Özel İsfendiyar Anadolu Hastanesi Psikolog Mert Dravor, "Kreş, anaokulu veya ilkokula geçiş dönemleri çocukların gelişim süreçlerindeki kilometre taşlarından birisi olarak ele alınmalıdır. Çocuklarda milat olarak kabul edilen sütten kesilme, tuvalet eğitimi, desteksiz yürüme gibi gelişmelerin yanı sıra kreş, anaokulu veya ilkokula geçiş dönemlerinin de kişisel/sosyal gelişimleri açısından son derece önem taşıdığını bilmemiz gerekiyor. Bu dönemler çocuğunuz sizden ayrılarak kendi başına kaldığı, sosyal bir ortama ilk defa adım attığı bir dönem olduğundan dolayı çocuğunuzun bu dönemlerde kazanacağı yeni deneyim ve beceriler çocuğunuzun öz güvenini oluşturan sürecin temel taşlarından biri olacaktır. Bir çocuk, kreş ve anaokulunu sağlıklı bir şekilde tamamlamış olsa dahi ilkokula geçiş döneminde bir takım problemler yaşayabilir" dedi.
Okula yeni başlayan ailelerin, çocuklarını okulda mutlaka ziyaret etmelerinde büyük fayda olacağını söyleyen Psikolog Dravor, "Okul başlamadan önce çocuğunuzun gideceği okulu ziyaret etmeniz ve çocuğunuza okulu tanıtmanız yapılabilecek en sağlıklı eylemlerden birisidir ancak okul başladığı halde çocuğunuza okulu tanıtmadıysanız en yakın zamanda çocuğunuzun durumunu öğretmenleri ile paylaşarak bu süreçte çocuğunuzun adaptasyonu hakkında bilgi vermelisiniz ve bilgi almalısınız. Çocuğunuz ile yapacağınız okul ziyaretlerinde sınıflar, sıralar, koridorlar, kantin, tuvaletler, okul bahçesi gibi alanları çocuğunuza göstererek ortama alışmaları konusunda yumuşak bir geçiş yapabilirsiniz. Okula giden çocuğa mutlaka gün içerisinde yaşadığı duygu ve hisleri hakkında sorular sormalı, eğer varsa kendisini yalnız, üzgün veya mutsuz hissettiği anların üzerinde konuşularak çocuğunuzun kaygısını ortadan kaldırmaya yönelik çalışmalar yapılmalıdır. Çocuğunuzu okula kimin götüreceği, kimin alacağı, servis kullanılacaksa servisin ne zaman geleceği gibi bilgiler mutlaka çocuklara hikayeler veya oyuncaklar kullanılarak anlatılmalıdır. Çocuğun annesinden gördüğü en yakın ilişki modeli, en sevdiği davranış biçimi mutlaka öğretmenine anlatılmalıdır. Bu sayede çocuğun öğretmenine alışma konusunda bir direnç göstermesinin önüne geçilerek öğretmeni ile güvenli bir ilişkinin temellerinin atılmasına olanak sağlanır" diye konuştu.

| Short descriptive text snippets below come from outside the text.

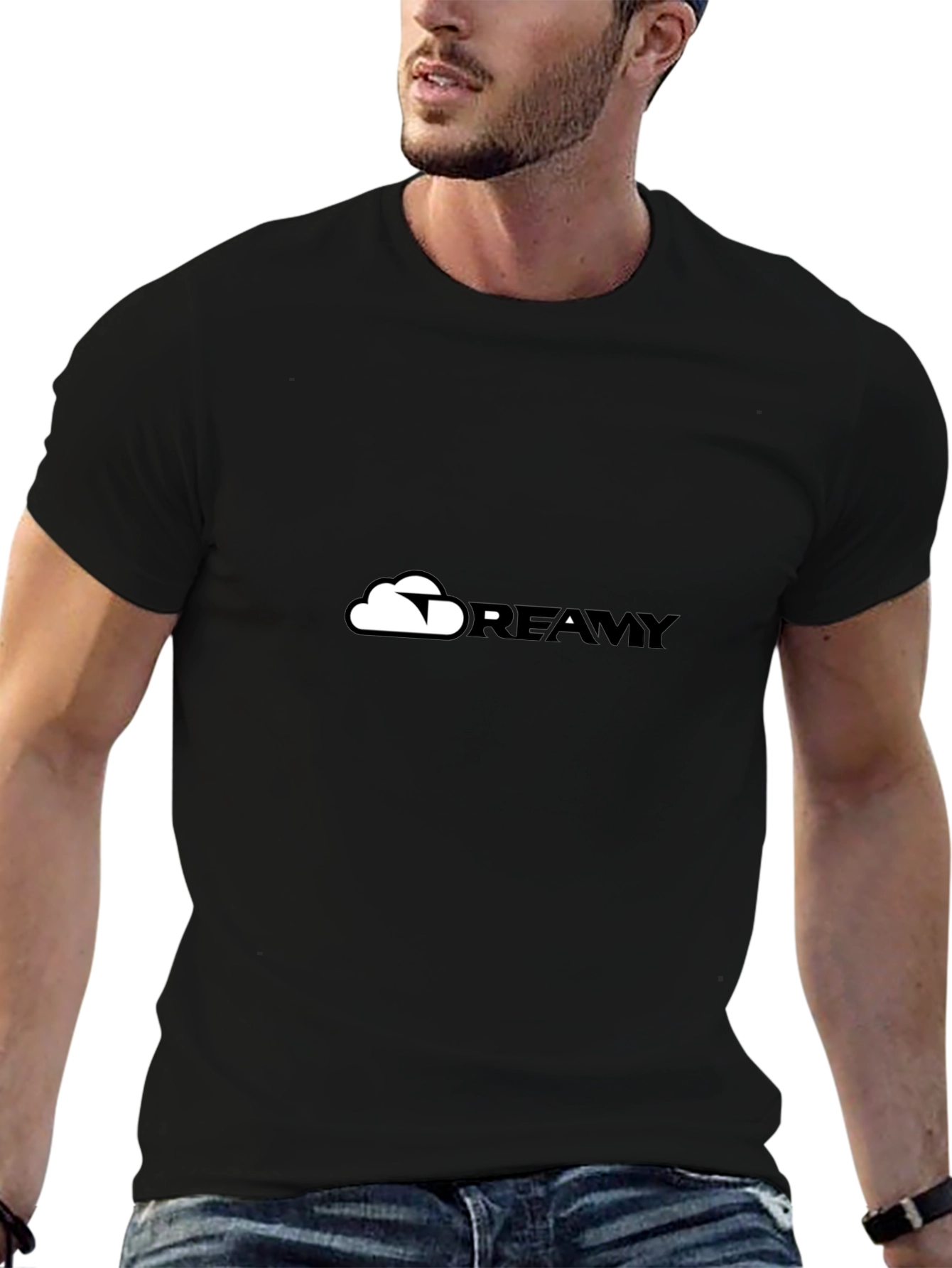 Dreamy Graphic T-Shirt - Cloud Logo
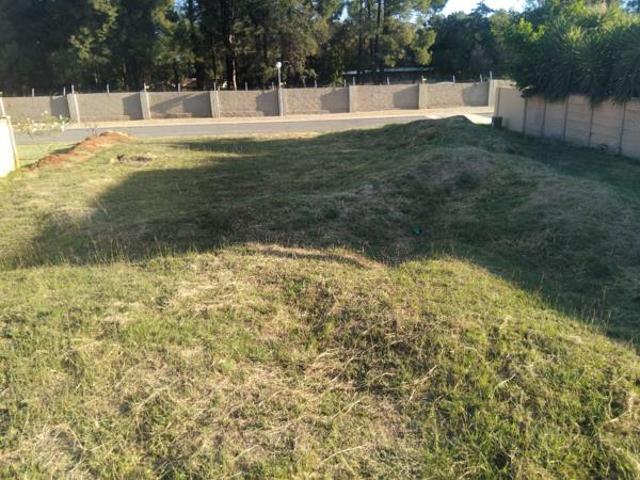 431 m² Land available in Waterkloof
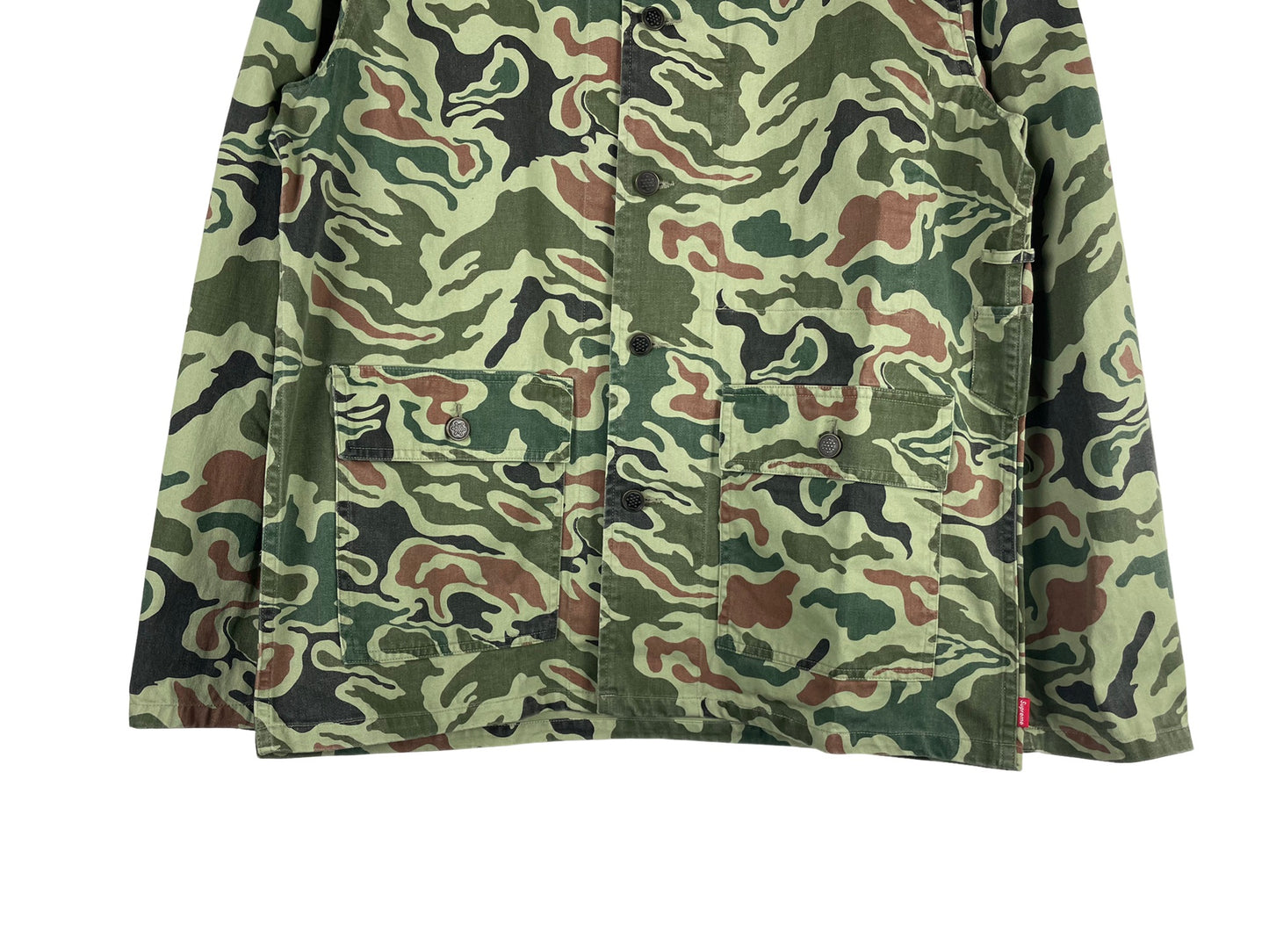 Supreme Camo Work Jacket 13SS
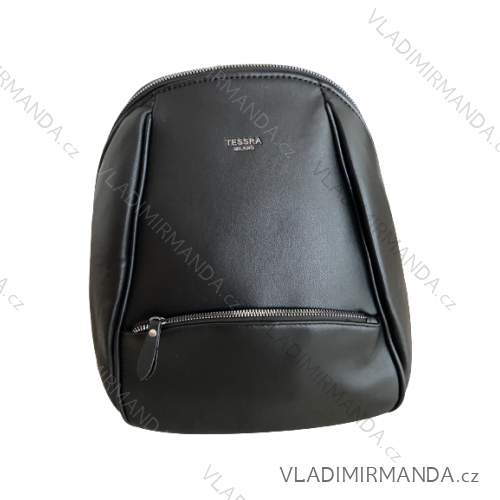 Kleine Damenhandtasche Batoh dámský (12X32) TESSRA KABELKY TES223415-BB EINHEITSGRÖSSE schwarz
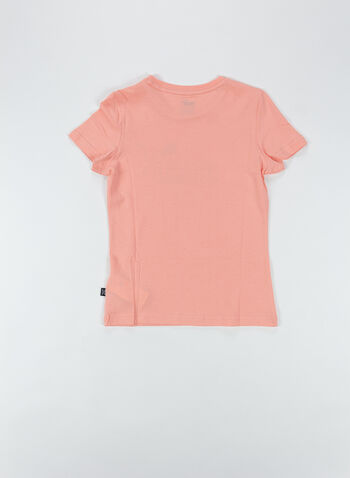 T-SHIRT ALPHA GRAPHIC RAGAZZO, 26APRICOT, small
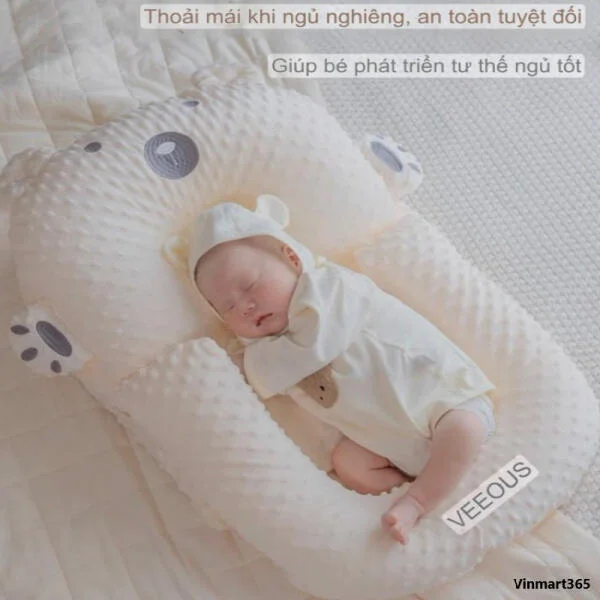 Gối Chống Trào Ngược Đầy Hơi Đa Năng Cho Bé slide 2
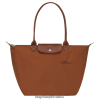 Longchamp Le Pliage - Longchamp le pIage zelena torba konjak žena 888TZ4404 torbe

"Anne ve babalar, fikir birliği içerisinde olması çocuğun okula adaptasyonunu etkileyecektir"
Okula yeni başlayan çocukların anne ve babalarının fikir birliği içerisinde olmalarının çocuğun okula adaptasyonunu doğrudan etkileyeceğini vurgulayan Psikolog Dravor, "Anne ve babanın çocuğun okula gitmesi sürecinde fikir birliği içinde olması çocuğun adaptasyon sürecini doğrudan etkileyecektir. Ebeveynler arasındaki fikir çatışmaları çocuğun uyum sürecini zorlaştıracak ve sizinle olan ilişkisinin de bozulmasına sebep olacaktır. Ayrıca çocuk yeni bir ortama girdiği için normal olarak kaygı duygusu içinde olacaktır. Bu kaygı duygusunu ağlayarak dışa yansıtabilir. Bu gibi durumlarda "ağlama artık" "ağlanacak bir durum yok" gibi tepkiler vermek yerine ona sarılmamız ve "seni anlıyorum" dememiz daha doğru olacaktır. Okuldan eve gelen çocuğun yorgun, mutsuz ve sinirli gözükmesi son derece normaldir. Bu durum her ne kadar çocuğunuzun okulu sevmeme durumu olarak bağdaştırılsa da bu durum aslında uyum sürecinden kaynaklanmaktadır. Çocuğunuzun yaşadığı bu sürecin normal olduğunu, bu süreç boyunca sizin sabırlı, sakin ve kararlı bir tutum sergilemeniz çocuğunuzun uyum problemi yaşamasını engelleyecektir" şeklinde konuştu.